Attributing search results to source documents could help verify that the information is accurate.
Researchers are working toward building transparent language models, which are designed to evaluate the source, such as Reddit or Wikipedia — or any other site from which the technology might pull the information to answer a specific question.
The source would provide evidence for the claim about the accuracy of information.
A paper released last week and coauthored by researchers at Google outlines a potential partial solution. The framework is called Attributable to Identified Sources.
Venture Beat initially identified the document. “A language model learns the probability of how often a word occurs based on sets of example text,” according to a report. “Simpler models look at the context of a short sequence of words, whereas larger models work at the level of phrases, sentences, or paragraphs. Most commonly, language models deal with words — sometimes referred to as tokens.”

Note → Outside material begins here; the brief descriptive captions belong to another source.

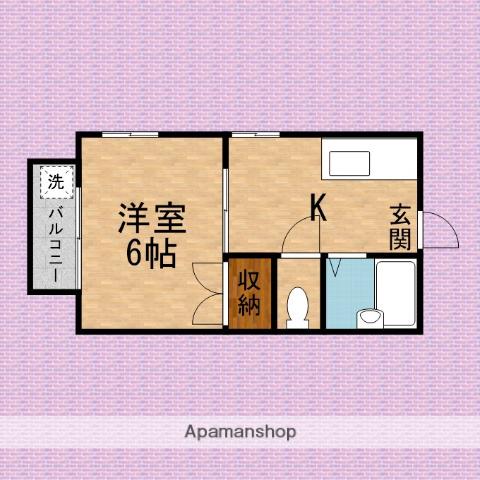 上福岡第16 (1K/2階)の間取り写真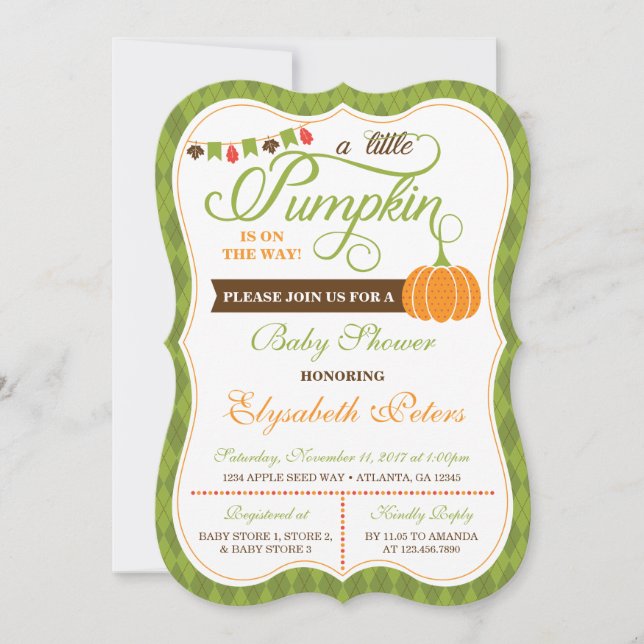 Little Pumpkin Baby Shower-inbjudan, Fall Inbjudningar (Framsida)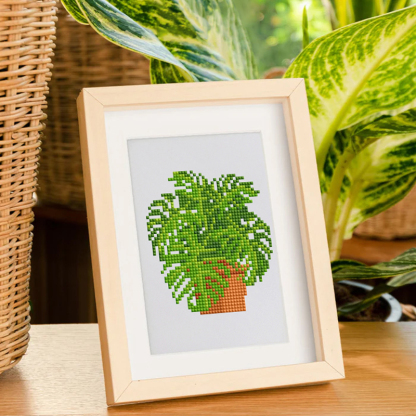 Frameless, mini diamond painting, creative mini diamond painting of green plants on the entrance flower house desktop, creative simple pattern diamond painting,12pcs, 5.9 X7 inches.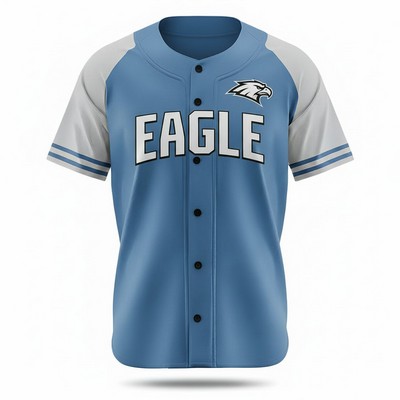 Men's Full Button Birdseye Mesh Baseball Jersey 160GSM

Larger language models learn to write human-like text by internalizing billions of examples from the public web. They pull from resources such as ebooks, Wikipedia, and social media platforms like Reddit, making inferences in near-real-time.
One major challenge is language models. They struggle with prejudice across race, ethnic, religion and gender, and they do not understand language the way humans do because they pick up on only a few keywords in a sentence.
They can't tell when a new order of the words changes the meaning of the sentence.
Tools like Google’s Language Interpretability Tool can lead to incorrect assumptions about the dataset and models, even when the output is manipulated to show explanations that make no sense.
“It's what's known as the automation bias — the propensity for people to favor suggestions from automated decision-making systems,” according to the report.